# Canada PR NOC code for Lawyer



## aps3166 (Jul 15, 2018)

Can someone please guide me about the applicable NOC for my profile and experience in Contracts management. 
I am a lawyer working in LPO in India, which deal with contract management on various CLMs for the past 2+ years and previous to that I was working with another LPO which deals in E-discovery/Document review.

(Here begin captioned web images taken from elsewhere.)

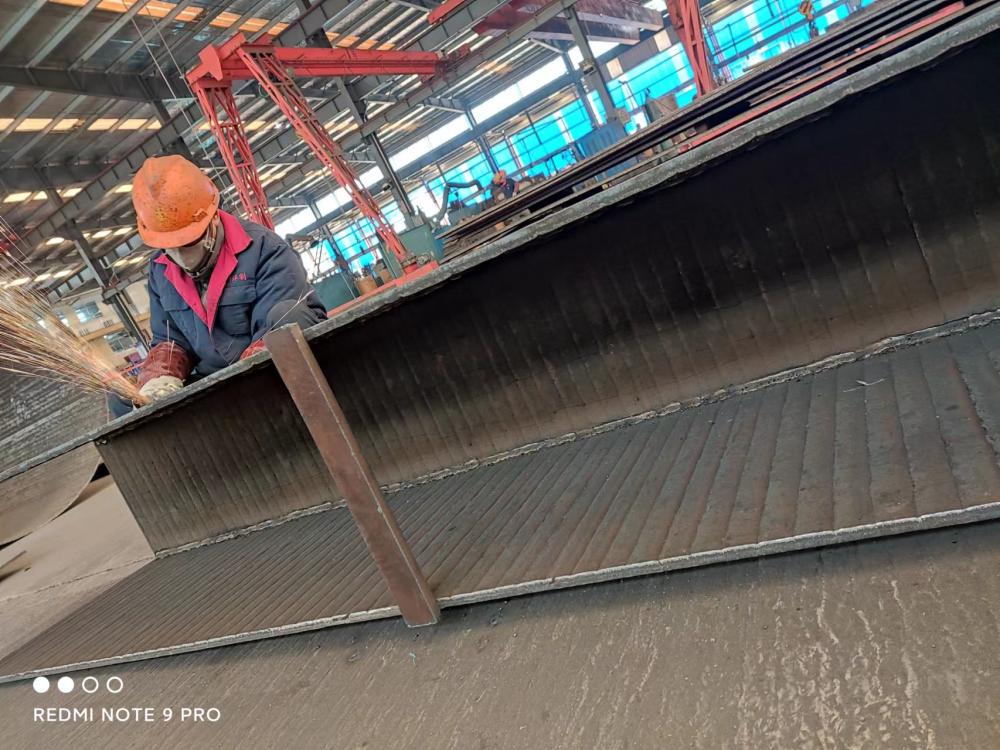 澳门堆焊耐磨板溜槽，溜槽衬板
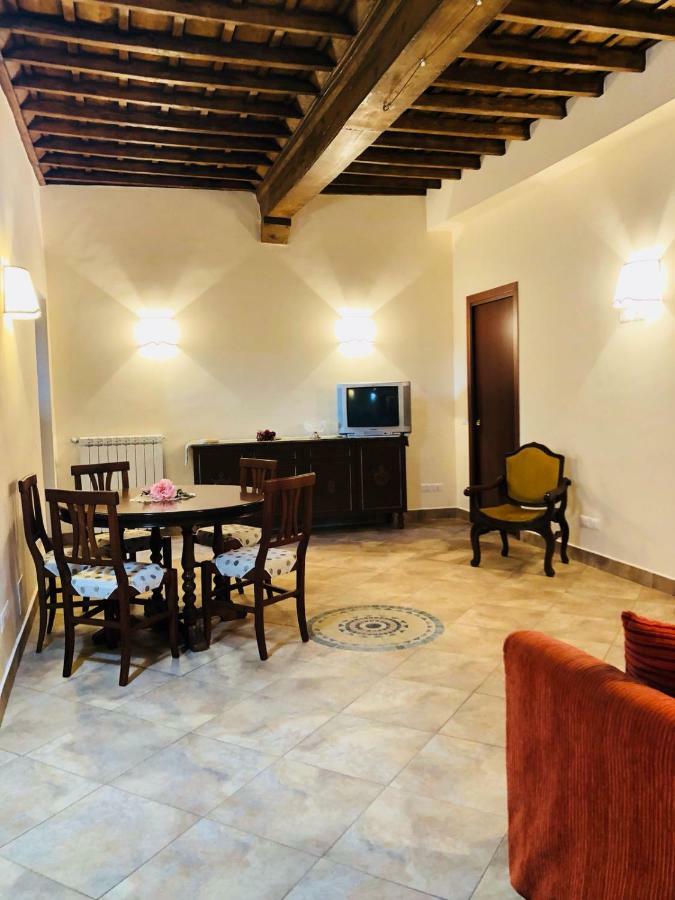 Casa Vacanze La Torretta Sutri Luaran gambar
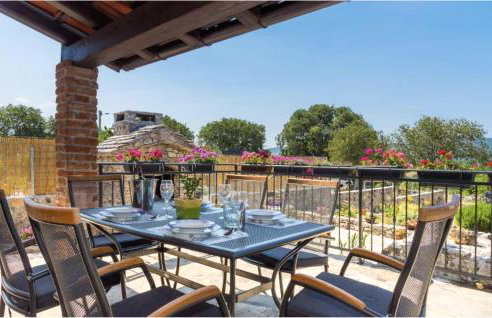 2 Bedroom Stunning Home In Konjevrate - Foto 2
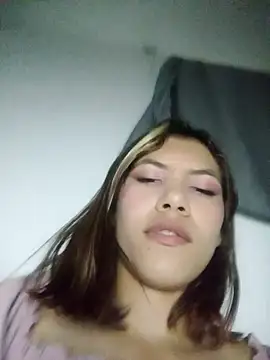 Sweetprouble 17 online show from February 3, 2026, 6:40 am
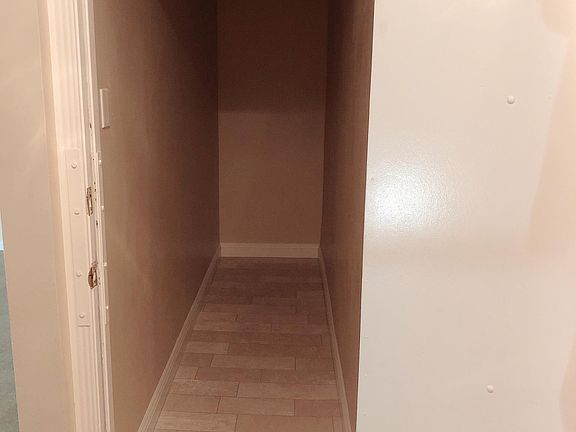 5th image of 14 Macdonald Ave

So which NOC will apply to my job exp. Responses will be much appreciated.


----------



## Auld Yin (Mar 10, 2009)

You do know, I assume, that you cannot practice law in Canada without permission from the Law Society of the Province in which you intend to practice.


----------



## aps3166 (Jul 15, 2018)

Yes I agree, I would need additional permission there.
But my current job in India is in LPO where Im working as contract manager doing Legal Document/Contracts review. So which NOC will applicable to my profile.
4112 - Lawyers and Quebec notaries
1242 - Legal administrative assistants


----------



## Auld Yin (Mar 10, 2009)

aps3166 said:


> Yes I agree, I would need additional permission there.
> But my current job in India is in LPO where Im working as contract manager doing Legal Document/Contracts review. So which NOC will applicable to my profile.
> 4112 - Lawyers and Quebec notaries
> 1242 - Legal administrative assistants


Well if you’re presently a qualified lawyer I would go with NOC 4112.


----------



## aps3166 (Jul 15, 2018)

Thanks. I am a lawyer, however, I do not perform the responsibilities of going to courts and cross examination. I do review the contractual agreements of various parties. In this case, do the same code applies?


----------



## Auld Yin (Mar 10, 2009)

aps3166 said:


> Thanks. I am a lawyer, however, I do not perform the responsibilities of going to courts and cross examination. I do review the contractual agreements of various parties. In this case, do the same code applies?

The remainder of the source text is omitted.